Post
Topic
Board Bitcoin Discussion
Re: Message to Satoshi, please dump your 1million bitcoins
by
jseverson
on 15/12/2017, 15:52:21 UTC
1) As you can clearly see on https://blockchain.info/pools Bitcoin mining is condensed into mostly a few pools. Coinbase themselves own the largest % of Bitcoins after Satoshi.

What does mining have to do with anything? I agree that the hashpower isn't as well distributed as well as I would like it to be, but it shouldn't matter for as long as a single entity doesn't hold more than 50%.

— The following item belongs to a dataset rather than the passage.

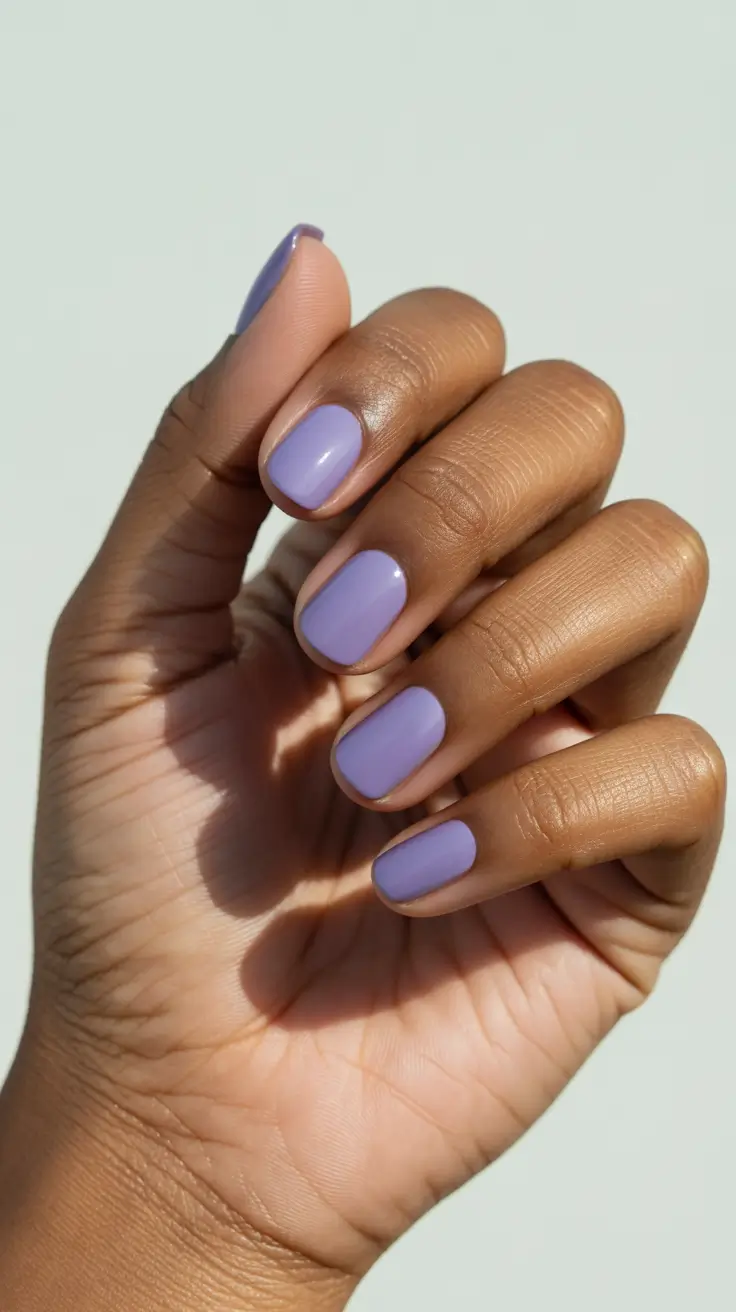 nail colors for tan skin 2026 Soft Lilac Calm for Gentle Chic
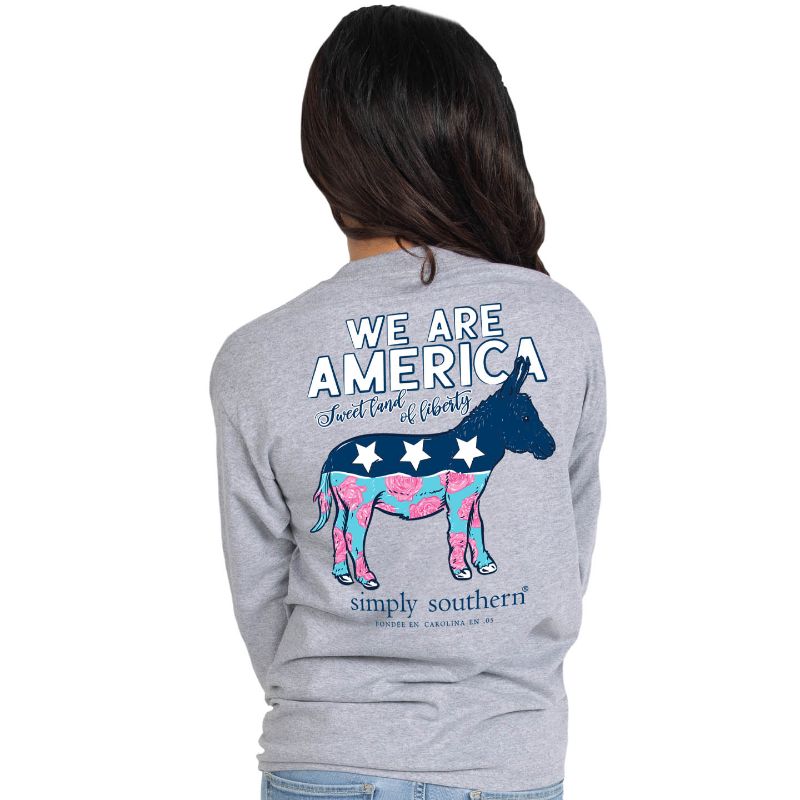 SALE Simply Southern Land Of Liberty Democrat USA Long Sleeve T-Shirt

2) Constant forks that are "accepted" undermine Bitcoin, such as Bitcoin Cash, etc. This shows to the average person that Bitcoin is more like play money than anything substantial. Do you see there being any variants of the USD? No, there's only one United States Fiat

No forks are actually accepted by the community as the true Bitcoin though. Every fork is a side project and an altcoin. The moment it forks from Bitcoin, it becomes a different entity which takes advantage of Bitcoin's open source nature to use its branding. There is only one Bitcoin just like there is only one United States fiat. Bitcoin to Bitcoin Cash is far more comparable to, say, the United States Dollar to the Australian Dollar -- they may share a portion of their name but they're different entities.

3) Bitcoin could never be anything close to an ideal method of payment. There is absolutely no way to solve Bitcoin's volatility currently, hence it will never become widely adopted. Not to mention once Bitcoin's are stolen, the action cannot be reversed(Like it could with banks, etc), and in the future quantamn computing will break into Bitcoin. Those few among many are reasons the average person will never use this crypto to buy groceries at the supermarket. Also, bitcoin is becoming used less, as Steam and others have stopped accepting it due to it's extremely slow confirmation times and high fees.

I respect that opinion. It's easy to be pessimistic towards Bitcoin's future as a method of payment because of how things have been going recently. However, there is no guarantee that quantum computing can break into Bitcoin. The slow confirmation times and high fees are also set to be addressed by future changes like the Lightning Network. Only time will tell.